The motivation for using WSD is to make the model less dependent on the vocabulary of the dataset. The LSTM model’s entire vocabulary is constructed from our dataset, so if the user input contains new vocabulary, the model becomes unreliable. In contrast, the WSD model uses scores calculated by SenseGram instead of word vectors. The score for each word indicates the distribution of meanings for this word. This distribution pattern is more dependent on the context, as opposed to the word’s own unique word vector. Therefore, the WSD model would be applicable to words outside of our dataset vocabulary.

.

Figure 8: training, validation and test set results for subtask 2 models

Overall summary of models’ performance:

Table 2 contains the summarized performance results of our models for both subtasks, measured against other models that participated in the SemEval challenge. However, it should be noted that we used a modified dataset.

.

Ethical Issues

While the goal of SPINN is to detect puns, this project can be potentially used to develop a pun generator or to make chatbots more life-like. There are still some offensive and sexist puns in the dataset despite our manual filtering. Using these puns to train the neural net may therefore cause the model to generate offensive puns.

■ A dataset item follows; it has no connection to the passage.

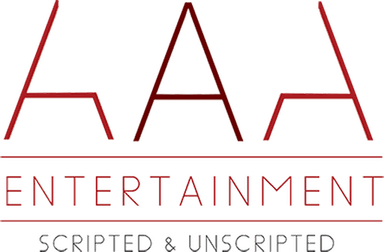 AAA Entertainment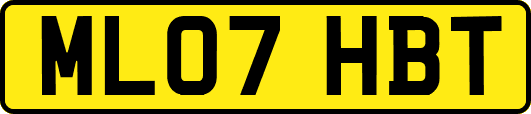 ML07HBT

If SPINN is used to improve an AI’s understanding of the complex, underlying meanings of human language, it is possible that the AI will misinterpret unintended puns and ambiguous sentence inputs. This can be problematic if the AI then acts accordingly. While SPINN can be useful for the AI to understand wordplay, it should not be used when the AI still has trouble interpreting the literal, or most “obvious” meanings of human language.

Reflections and future directions

Due to our small and biased dataset, overfitting was a major obstacle for our models. Incorporating WSD reduced overfitting, but also lowered the prediction accuracy. The confusion matrix of the WSD model indicated that SenseGram brought some problems to the model while reducing memorization, but we have yet to identify the root of the problem. A potential next step would be to experiment with some other WSD algorithms and hopefully increase the accuracy of WSD+RNN model. Some studies show that SEL+cluster [5] yields better results than other WSD algorithms. To compensate for our small dataset, another alternative solution would be transfer learning using pre-trained language models, such as BERT [6].

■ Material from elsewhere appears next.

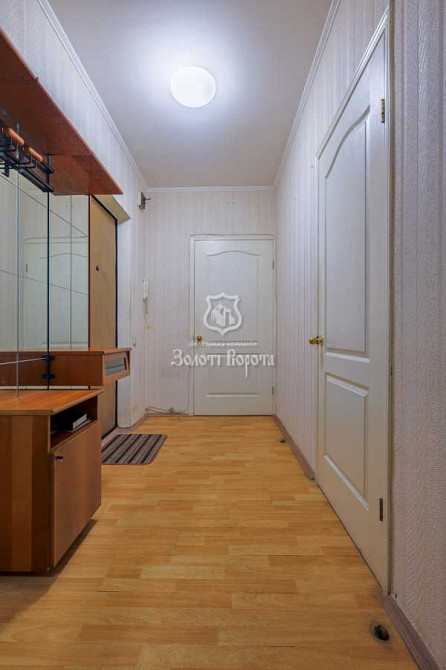 продажа 2-к квартира Киев, Деснянский, 63000 $ Киев - изображение 11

We also observe that high accuracy does not necessarily imply generalizability. When evaluated on a small dataset, some of our models can achieve high accuracy by memorizing high frequency words. However, accuracy as a metric does not reflect the model’s vocabulary limitations.

From the performance results of our models, we conclude that neural networks may not be the best tool to interpret wordplay. We saw that understanding puns often requires “common sense”, and high-level interpretation of language is still a difficult task given that state-of-art technology still cannot understand natural language perfectly, let alone wordplay.

References
[1] “SenseGram,” GitHub, 29-Aug-2018. [Online]. Available: https://github.com/tudarmstadt-lt/sensegram. [Accessed: 30-Oct-2018]. 
[2] “SemEval-2017 Task 7: Detection and Interpretation of English Puns.” [Online]. Available: http://alt.qcri.org/semeval2017/task7/index.php?id=data-and-resources. [Accessed: 28-Oct-2018]. 
[3] T. Miller, C. Hempelmann, and I. Gurevych, “SemEval-2017 Task 7: Detection and Interpretation of English Puns,” Proceedings of the 11th International Workshop on Semantic Evaluation (SemEval-2017), 2017. [Online]. Available: http://www.aclweb.org/anthology/S17-2005. [Accessed: 28- Oct- 2018] 
[4] T. Miller and M. Turković, "Towards the automatic detection and identification of English puns", 2018. .
[5] “BERT,” GitHub, 01-Nov-2018. [Online]. Available: https://github.com/google-research/bert. [Accessed: 02-Dec-2018].
[6] T. Miller and I. Gurevych, 2015, “Automatic disambiguation of English puns”, in Proceedings of the 53rd Annual Meeting of the Association for Computational Linguistics and the 7th International Joint Conference on Natural Language Processing (ACL-IJCNLP 2015), Stroudsburg, PA: Association for Computational Linguistics, pp. 719–729.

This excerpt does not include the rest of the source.